Cosimo Papandrea fa impazzire Reggio Calabria. Il noto artista ha chiuso ieri sera “San Martino Fest”, primo festival del vino che, per tre giorni, sul lungomare Falcomatà, nel piazzale della stazione lido, ha presentato le migliori cantine reggine proponendo alla comunità degustazione di prodotti tipici calabresi uniti a grandi eventi di spettacolo.

E Cosimo è riuscito a stregare con la sua musica un pubblico eterogeneo iniziando un viaggio tra il suo vasto repertorio che apre con “Tarantella i stu paisi”, “Ninella”, “Citula” e “Pizzicarella”.
Ben 22 brani in scaletta, sapientemente arrangiati, riscaldano l’atmosfera di festa creata dal cantante calabrese di musica folk che ha trascinato giovani e non, in un vortice di note, tradizione e racconti.
Papandrea ha rispolverato la sua “storia” scandita da brani che impongono a guardarsi dentro e ad apprezzare tutto quello che il Creatore ci ha riservato: il mare, il cielo e la natura intera piena di affascinante bellezza.

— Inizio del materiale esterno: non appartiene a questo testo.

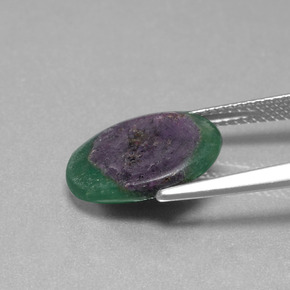 Ruby em Fuchsite Bicolor Natural 4.50ct, Corte Oval, Translúcido
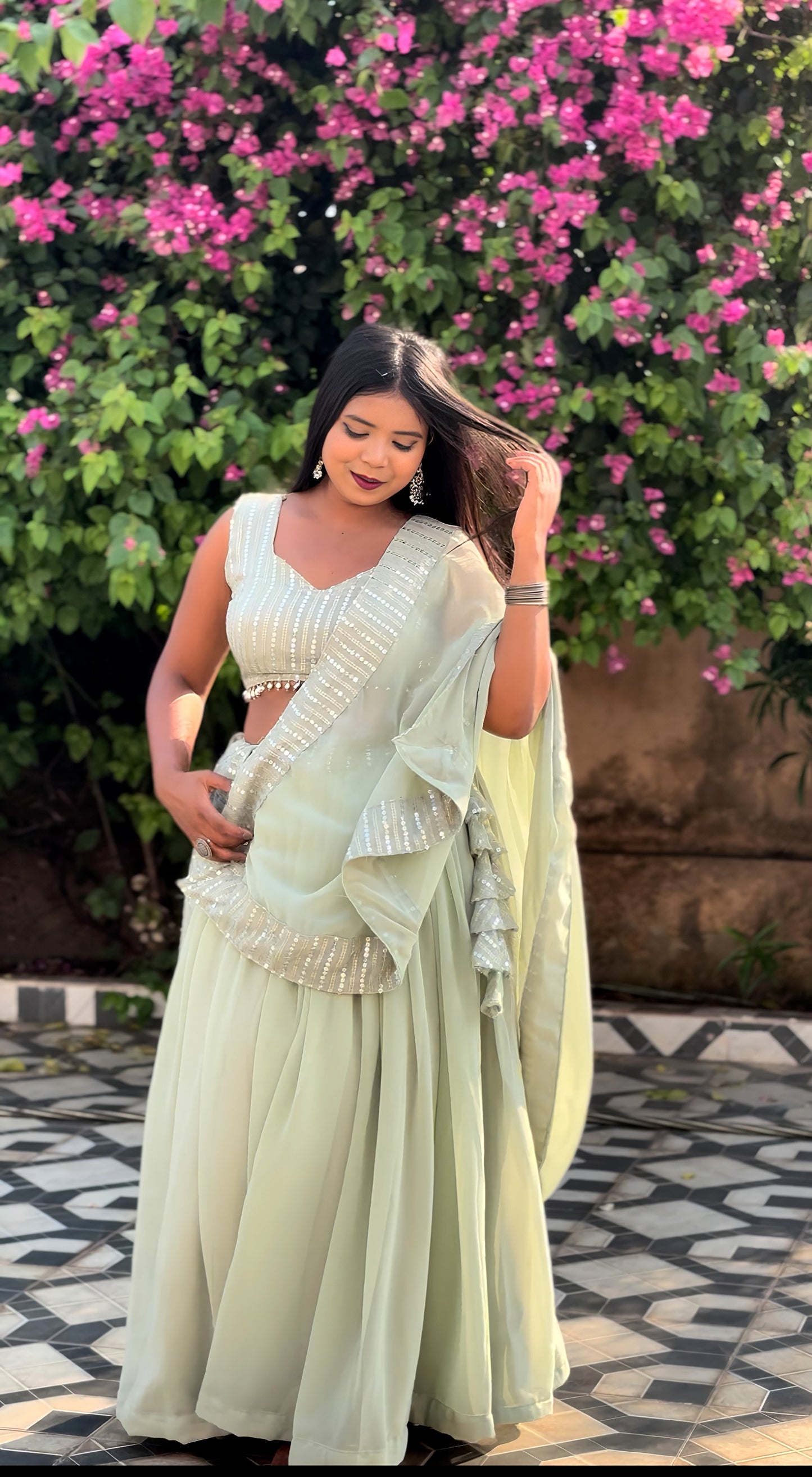 MINT POP LEHENGA SET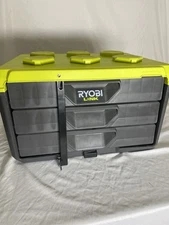 Ryobi LINK 3-Drawer Tool Box Stackable Impact Resistant Storage Organizer - NEW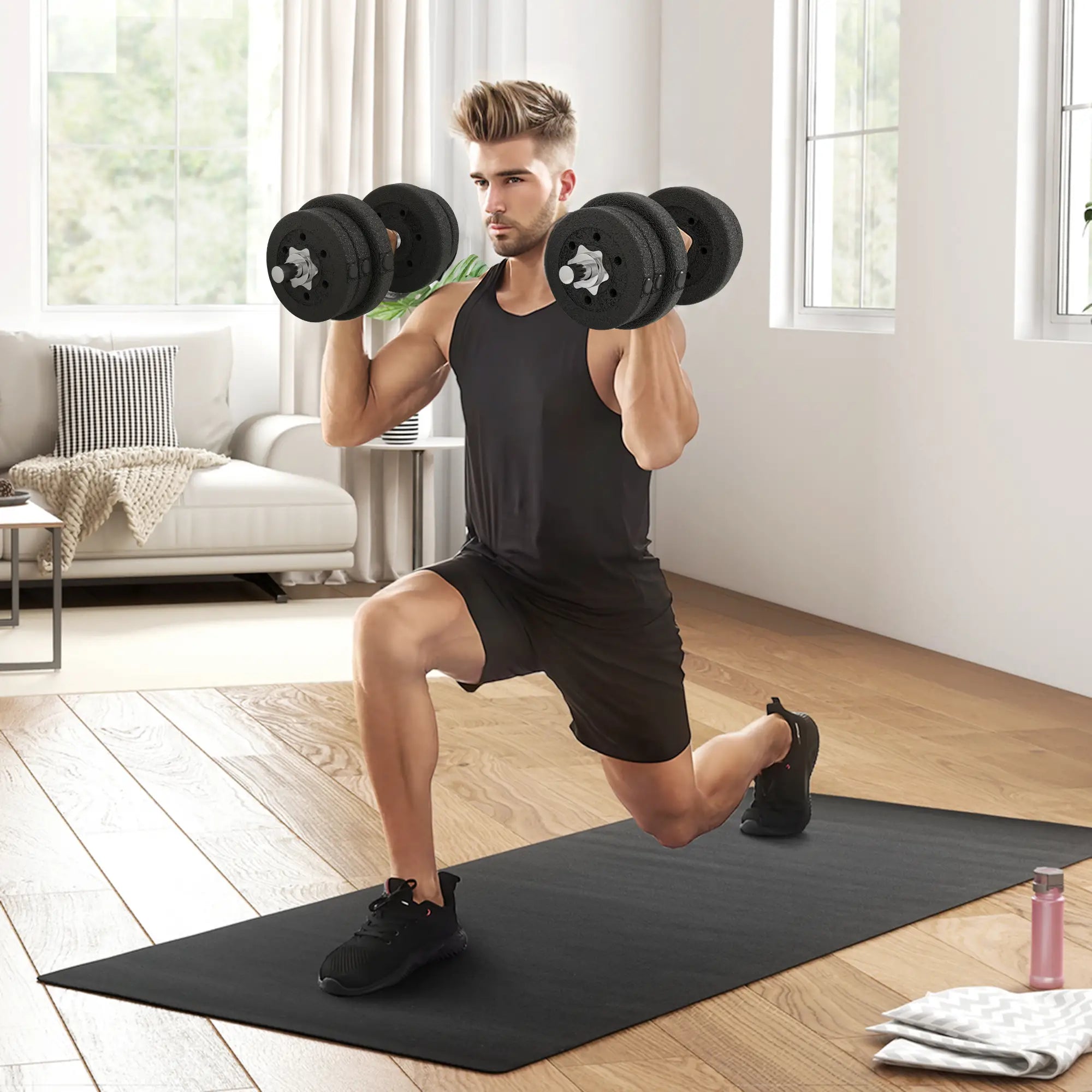 55 lbs Adjustable Dumbbells, Weight Set, for Home Gym, Black Dumbbells & Barbells at Gallery Canada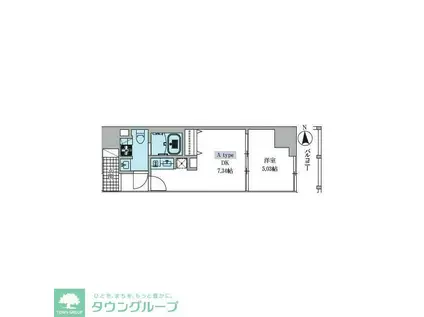 ドムス・スタイル押上(1DK/6階)の間取り写真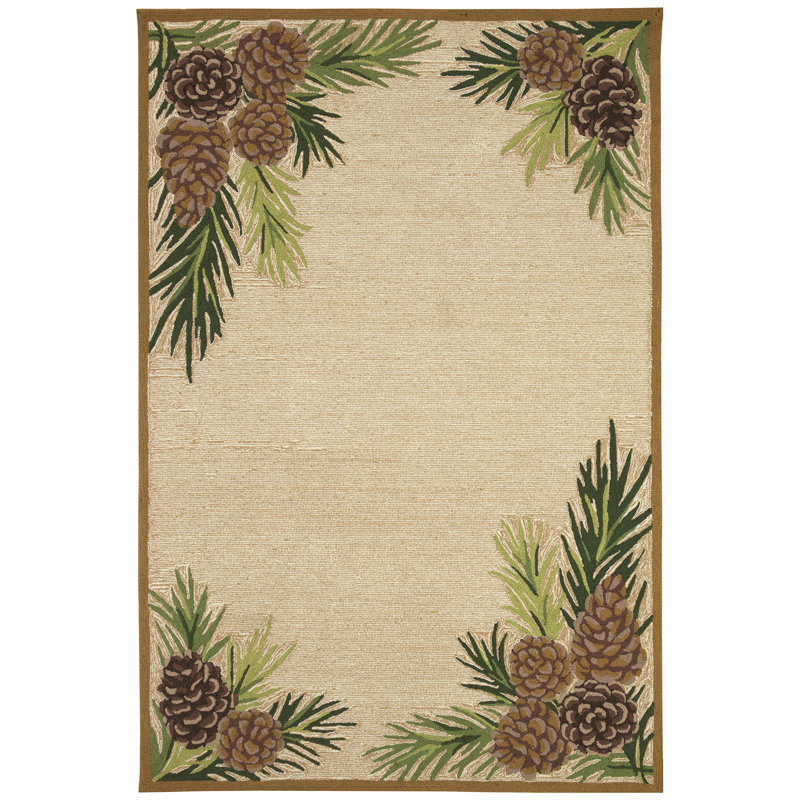 Dasan Hand Tufted Floral Indoor / Outdoor Rug, Rectangle 7'6" x 9'6"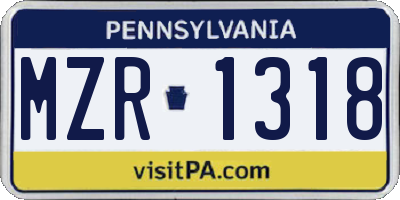PA license plate MZR1318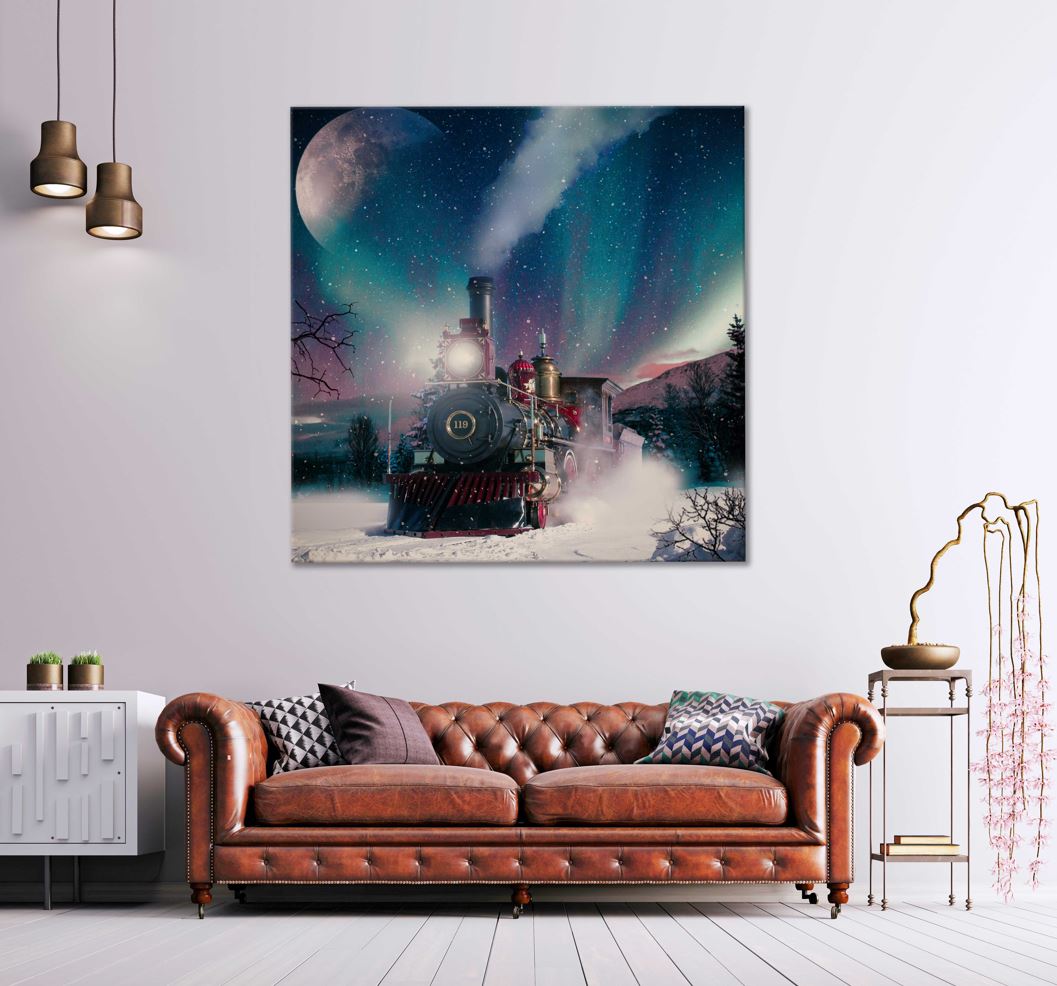 Square Canvas Train in Snow Moon Night View High Quality Print 100% Australian Made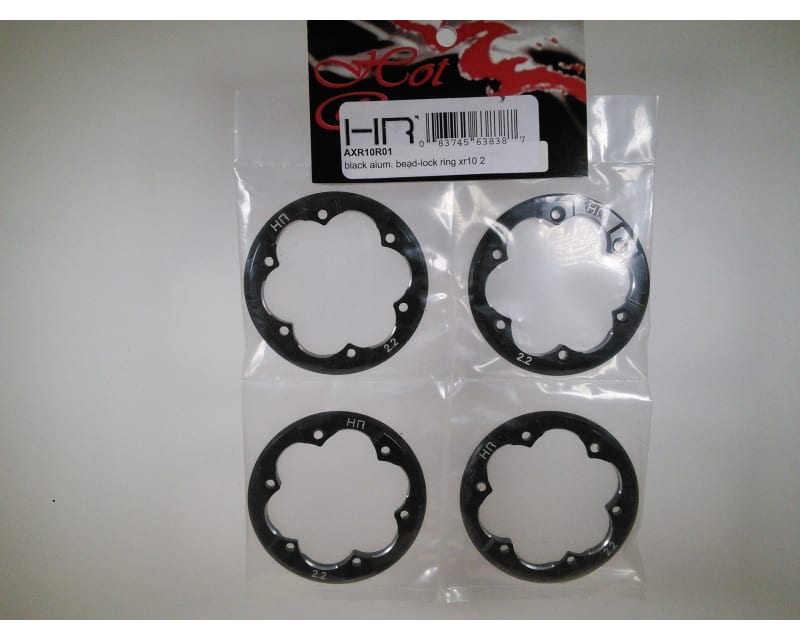 Aluminum Bead-Lock Ring (4)(Black) - Axial XR10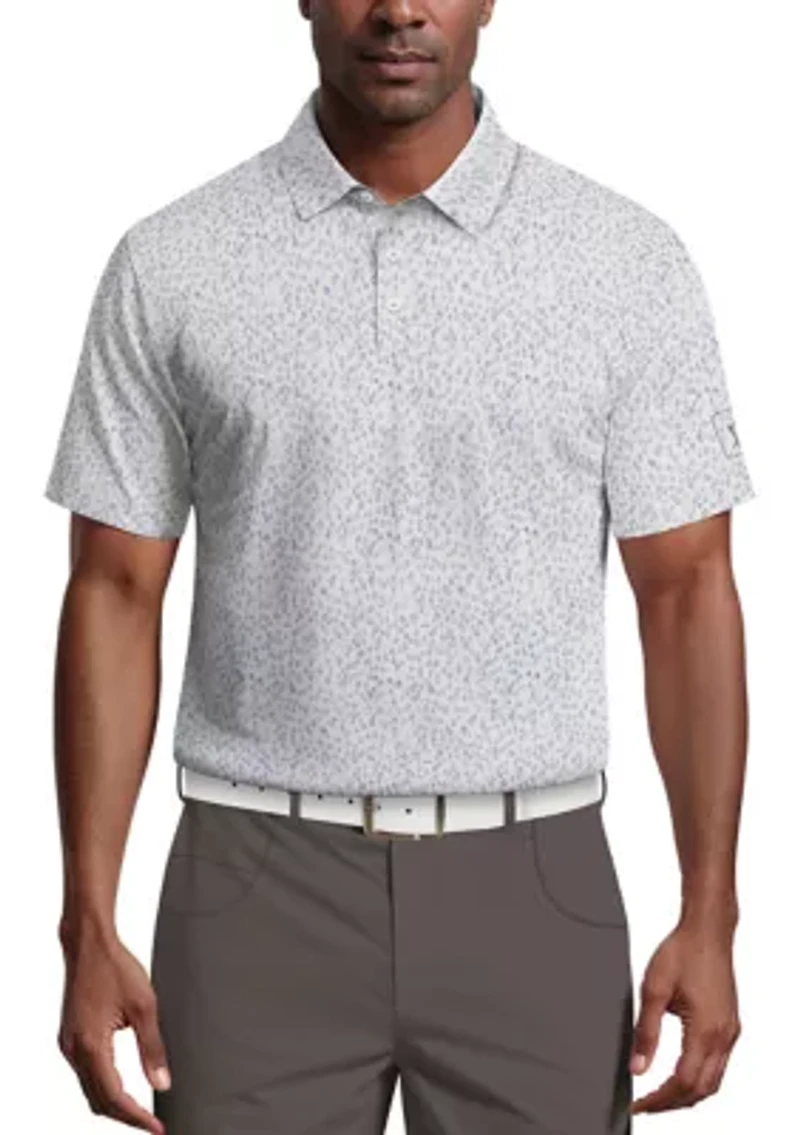 All-Over Golf Confetti Print Short Sleeve Polo Shirt
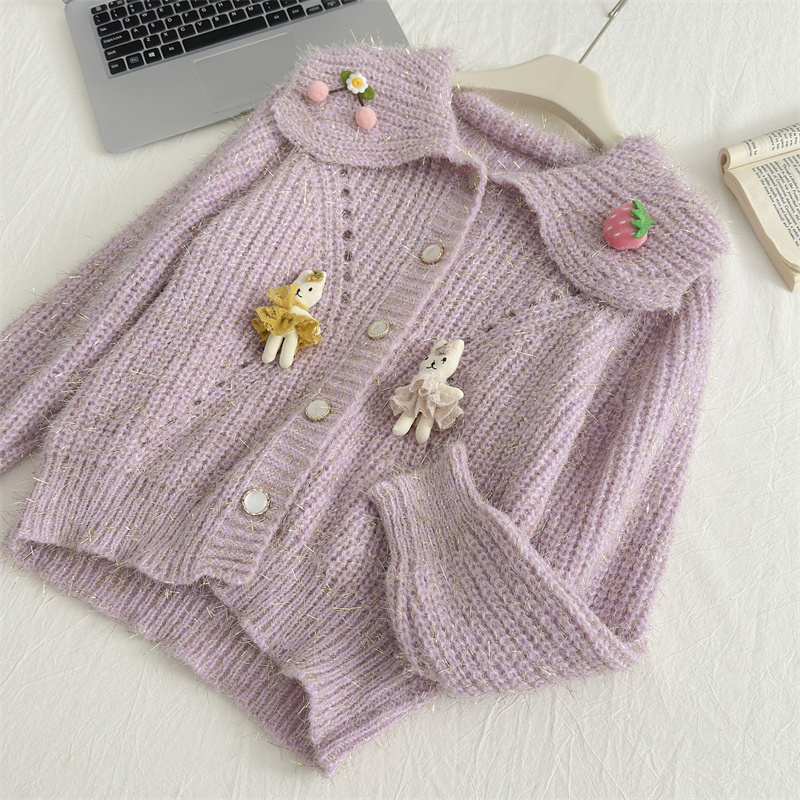 Franse babykraag trui jas voor dames in de herfst winter, met een high-end en chique Western stijl poppen gebreide cardigan_voghion.com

Il pubblico lo segue in ogni brano, canta, balla e si lascia trasportare da quelle canzoni d’amore che Cosimo ripropone presentando il sentimento in tutte le sue sfaccettature, per la donna, per i figli, per la nostra terra.
E quello che colpisce è il “fiume” umano riversato sul lungomare accorso per dare un abbraccio calorosissimo ad un grande artista che non ha mai dimenticato la sua terra.
Sul palco, spicca un Cosimo Papandrea classico ma anche rinnovato ed in piena forma, un Cosimo che ha ancora tanto da dire e donare alla sua Calabria. Con la sua incredibile “verve” artistica e personale ben inserita nei suoi testi, Cosimo è riuscito negli anni a rafforzare il legame con il suo territorio ma soprattutto, è riuscito a lanciare nel panorama musicale nazionale ed internazionale, la tanto bistrattata musica popolare calabrese.
Una vera forza della natura che sfocia in un finale travolgente scandito dalle note di “Signoruzzu”, “Occhi Ji di mari”, “Stilla Chjiara” e “Tarantella” ballata a coppie alterne da giovani e adulti, segno di un “miracolo” che porta il nome di Papandrea.